Especially the assumption of overfitting is confirmed, to an extent by the dramatic difference between the *all features* gradient boosting and random forest models. In fact, the random forest seems to be slightly benefitting from the inclusion of the traffic data.

Given the current situation, the **random forest** model would be the best candidate for production. However, we could possibly achieve better results by fine-tuning the gradient boosting model.
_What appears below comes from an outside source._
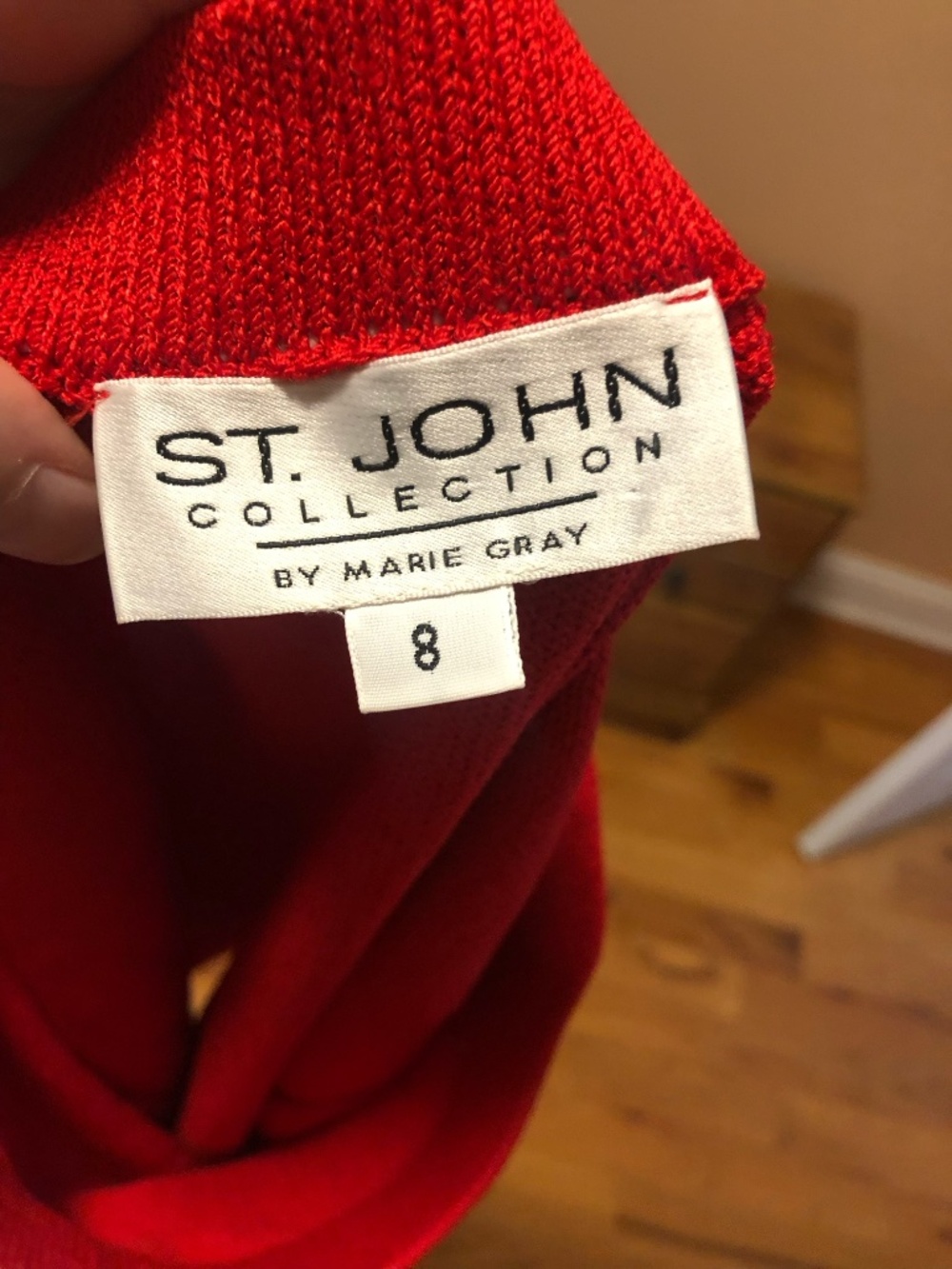 St. John Collection Red Pencil Mini Skirt - Picture 3 of 4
To get a better view of the impact of individual features in gradient boosting and random forest models, we can plot their importance weights.

In [23]:
importances_data = [np.array(sorted(zip(m.feature_importances_, m.feature_names_in_), key=lambda k: k[0], reverse=True)) for m in [m2, m3, m5, m6, m8, m9]]

def make_fig(mod, title):
  p = figure(width=1200, x_range=importances_data[mod][:,1], y_range=[0, 1], x_axis_label="Feature", y_axis_label="Feature importance, out of total 1")
  p.xaxis.major_label_orientation = pi / 4
  p.vbar(x=importances_data[mod][:,1], top=importances_data[mod][:,0], width=0.5)
  return Panel(child=p, title=title)

tabs = Tabs(tabs=[
  make_fig(0, "Gradient boosting - Baseline"),
  make_fig(1, "Random forest - Baseline"),
  make_fig(2, "Gradient boosting - Traffic without time data"),
  make_fig(3, "Random forest - Traffic without time data"),
  make_fig(4, "Gradient boosting - All features"),
  make_fig(5, "Random forest - All features")
])

h = show(tabs, notebook_handle=True)

From the plots, it is perhaps most apparent that hour of the day is the strongest predictor of order counts. From the weather attributes, wind speed and temperature tend to stand out among the rest.
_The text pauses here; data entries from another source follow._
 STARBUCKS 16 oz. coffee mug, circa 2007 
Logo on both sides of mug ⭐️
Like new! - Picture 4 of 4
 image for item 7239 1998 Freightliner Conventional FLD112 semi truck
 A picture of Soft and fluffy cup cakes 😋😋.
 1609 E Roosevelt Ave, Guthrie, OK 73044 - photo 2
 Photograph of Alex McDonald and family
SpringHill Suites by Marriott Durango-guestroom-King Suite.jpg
Between days of the week, and traffic lanes, the lanes tend to dominate in feature importance. This would indicate that we are indeed gaining something from including lanes. However, it should be noted that we might to an extent be merely replacing information that is already there, as indicated by the quite low, however nonzero added predictive power from including the traffic data. Further (statistical) testing could be undertaken to determine whether this is indeed the case.
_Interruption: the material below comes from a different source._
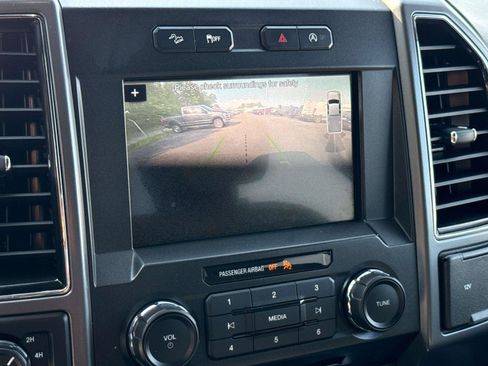 Used 2018 Ford F150 XLT w/ Equipment Group 302A Luxury AWD/4WD image 11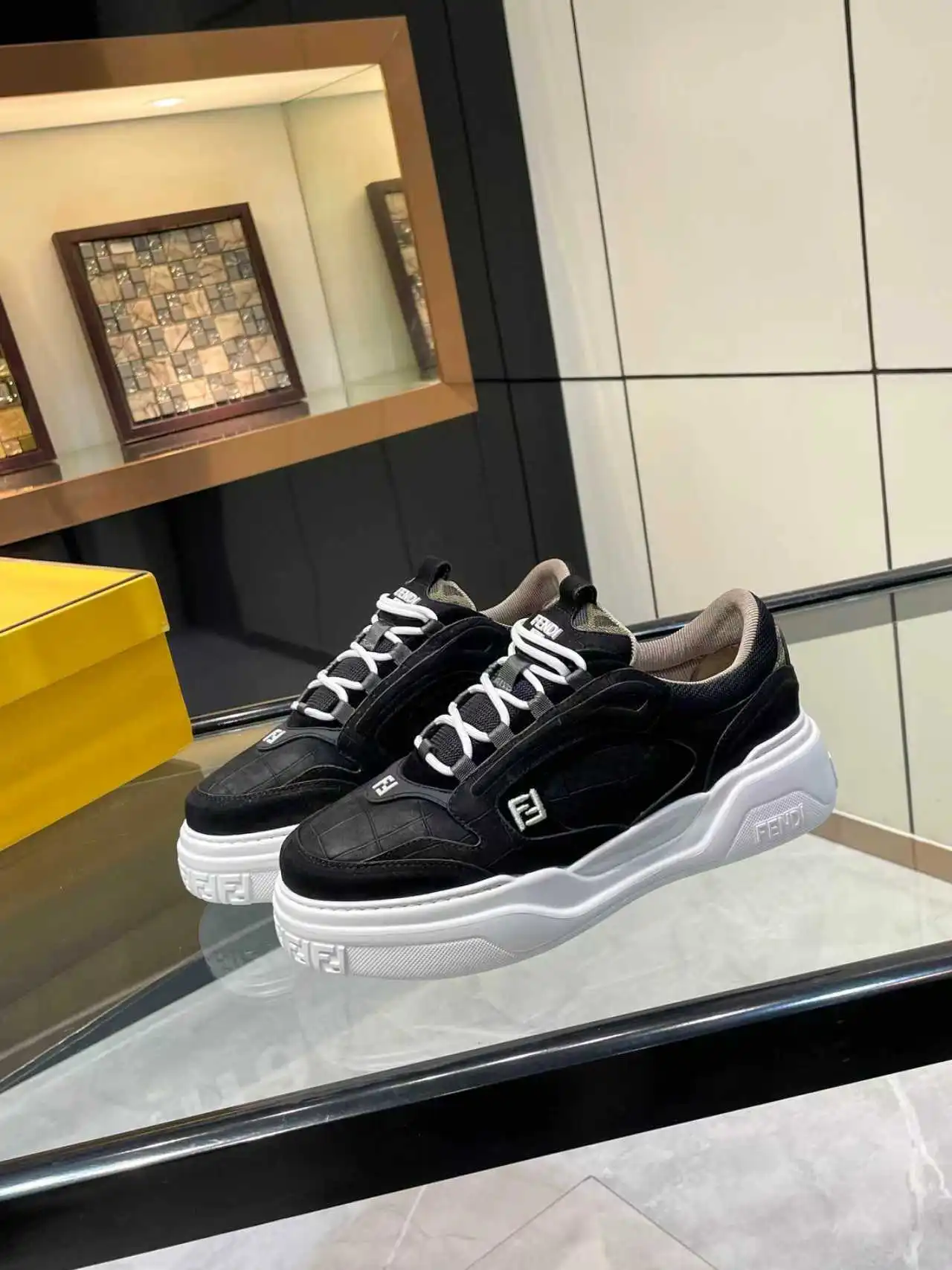 P320顶级版本高端品质 【 FENDI】芬迪🔍🔍🔍休闲运动鞋 -鞋面:🔝纳帕小牛皮、荔纹小牛皮、鞋舌.后跟;注塑品牌logo塑胶模块 -内里:品牌帆布 -大底:超轻TPR发泡·橡胶;成型大底 -超高品控·做工精细:凸显(高端·贵气·档次) -Size :39-44(38,45,可订做)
If this model were to be deployed in a production environment, we would need to foremost consider the fact that our sample only spans two months. Hence, for instance, the temperature feature could lead to somewhat inaccurate predictions. Naturally, we would have to iteratively re-train the model as we would receive more data.

As for the traffic data, the model could again suffer from seasonal effects. However, the traffic data has otherwise been treated such that the model should be (near) production-ready. The reason for that is that we have indeed fitted the model on traffic data from the previous hour in relation to the hour being predicted, and hence the data would be available to pull from Fintrafic's API at the correct time.

## Summary

In this project, a model for predicting the order count for the ongoing hour was developed. The model was developed with Scikit-learn library in Python, using food delivery app's order data and third party traffic data from Fintrafic. Given the current situation of the model, the best candidate for production would be a random forest model, using all of the data combined. Further developments could be made to re-evaluate other models.

As a word of caution, it is very likely that the current model would suffer from seasonal bias, as the model was fitted on data ranging from August to September. However, hour was the strongest predictor in the data, which would perhaps be quite generalizable as a predictor across seasons. Further data collection should be undertaken for continous development of the model.